## Recorded data:
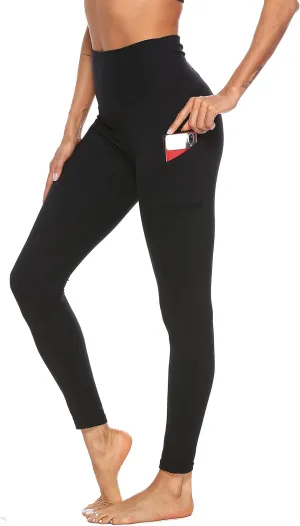 High Waisted Gym Yoga Pants with Pockets, Tummy Control Activewear Workout Leggings for Women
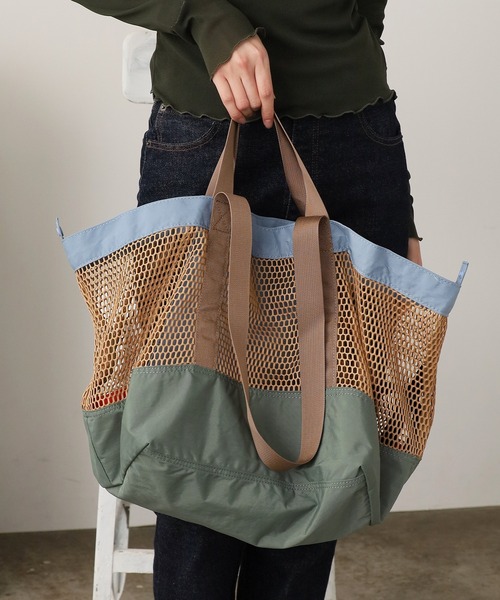 ROOPTOKYO(ループトウキョウ)の「メッシュ ナイロントートバッグ(トートバッグ・レディース・ベージュ/ブラック/オレンジ/ブルー/グリーン/ピンク・FREE)」の5枚目の写真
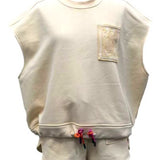 Beige Tonal QOS Logo Card Tank With Multi Drawstring | Queen Of Sparkles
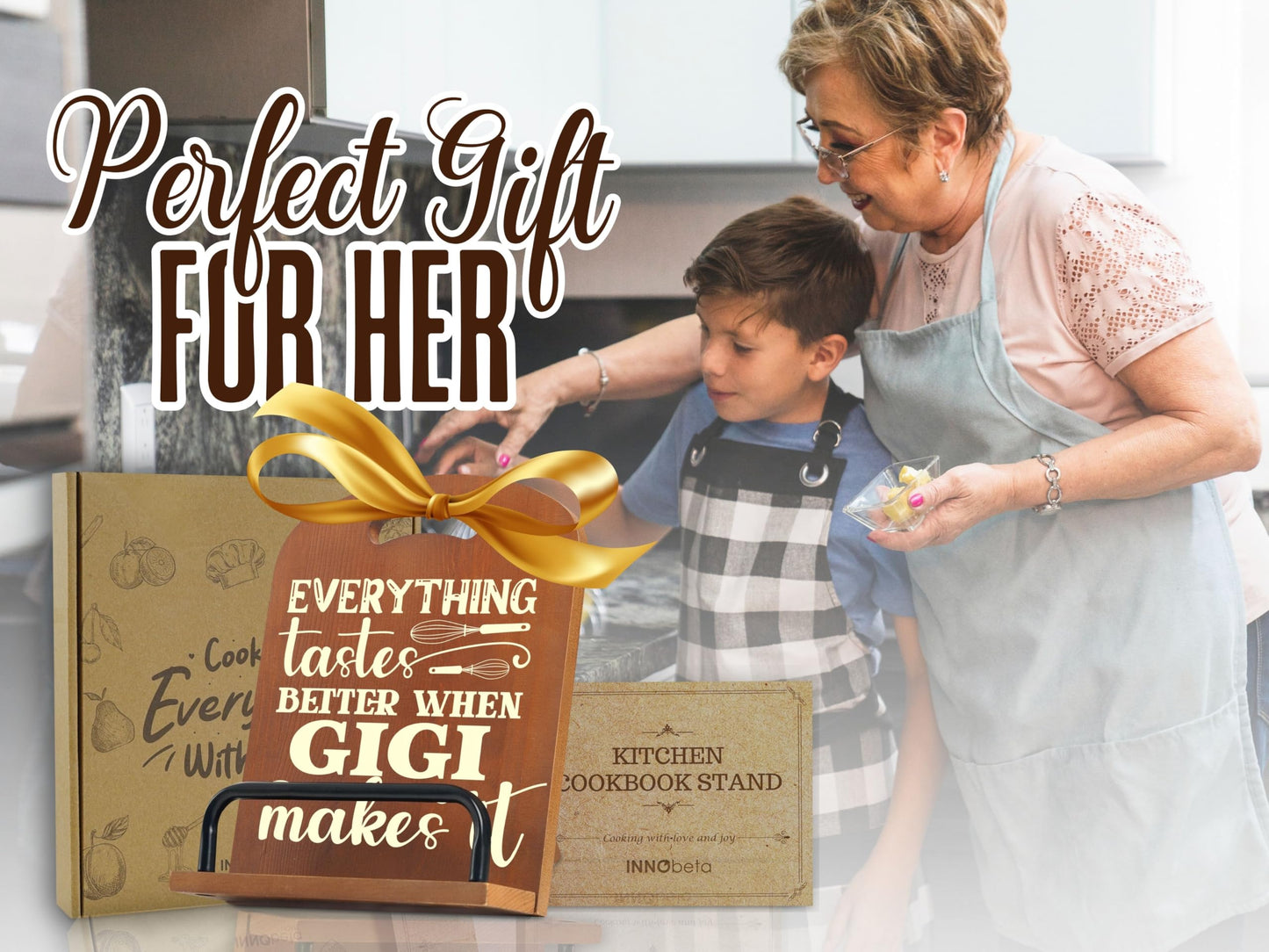 InnoBeta Gigi Gifts, Cookbook Stand for Kitchen Counter, Perfect Gifts for Gigi on Birthday, Adjustable Tablet Recipe Book Holder, Unique Family Kitchen Decor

## Task instructions:
The data should be printed again unchanged; leave its pictures out.

## Response area:
 High Waisted Gym Yoga Pants with Pockets, Tummy Control Activewear Workout Leggings for Women
 ROOPTOKYO(ループトウキョウ)の「メッシュ ナイロントートバッグ(トートバッグ・レディース・ベージュ/ブラック/オレンジ/ブルー/グリーン/ピンク・FREE)」の5枚目の写真
 Beige Tonal QOS Logo Card Tank With Multi Drawstring | Queen Of Sparkles
 InnoBeta Gigi Gifts, Cookbook Stand for Kitchen Counter, Perfect Gifts for Gigi on Birthday, Adjustable Tablet Recipe Book Holder, Unique Family Kitchen Decor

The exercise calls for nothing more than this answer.